Obama kicks off health care week with two nominations

Kevin Lamarque/REUTERS
President Obama nominated Kansas Governor Kathleen Sebelius as Secretary of Health and Human Services Secretary.

President Obama kicked off a week focused on health policy by naming two top officials to help with his goal of revamping the way health care is delivered in the United States.

The President nominated Kansas governor Kathleen Sebelius to be Secretary of Health and Human Services and Nancy-Ann DeParle to be Counselor to the President and Director of the White House Office of Health Reform.

Second choices

The two appointees are his second choice for their positions. Obama had nominated former Senate Majority Leader Tom Daschle for both jobs. Mr. Daschle withdrew after a storm of controversy arose over his failure to promptly pay $128,000 in taxes.

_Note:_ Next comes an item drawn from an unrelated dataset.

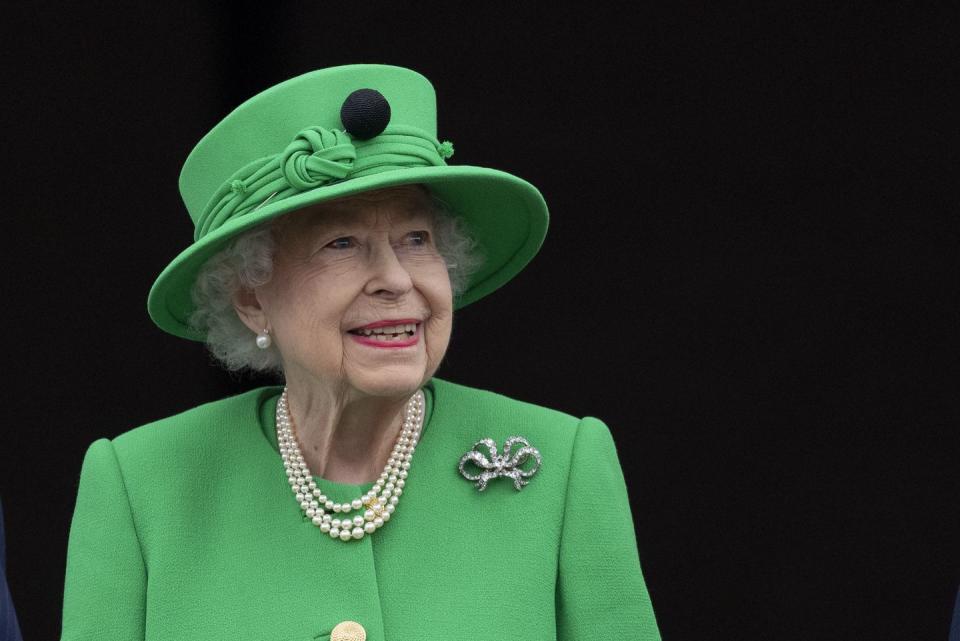 All the Best Photos from Queen Elizabeth's Platinum Jubilee Celebration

The roll out of the health policy nominees was accompanied by the release of $155 million authorized by the American Recovery and Reinvestment Act that will support 126 new health care centers. Obama said the centers will “help provide health care to an estimated 750,000 Americans across the country who wouldn’t have access to health care without these centers.”

Coming next: health policy summit

On Thursday, the President will host a White House summit on health care policy, along the lines of the fiscal policy summit he held last week. Invitees to the health summit include members of Congress and representatives of the health care and insurance industries.

Governor Sebelius is the Democratic governor of a Republican state and served two terms as the state’s insurance commissioner. The daughter of former Ohio Governor John Gilligan, she has pushed for health care reform in her state but often been blocked by the legislature.

A Roman Catholic who supports abortion rights, Sebelius’ nomination is controversial among right to life groups.

Nancy-Ann DeParle was commissioner of the Department of Human Services in Tennessee. During the Clinton Administration she ran the federal agency that manages Medicare and Medicaid.

A moral and fiscal imperative

Obama sees fixing health care as crucial to getting the government’s financial house in order. ‘We must realize that fixing what’s wrong with our health care system is no longer just a moral imperative, but a fiscal imperative,” the President said in announcing today’s two appointments.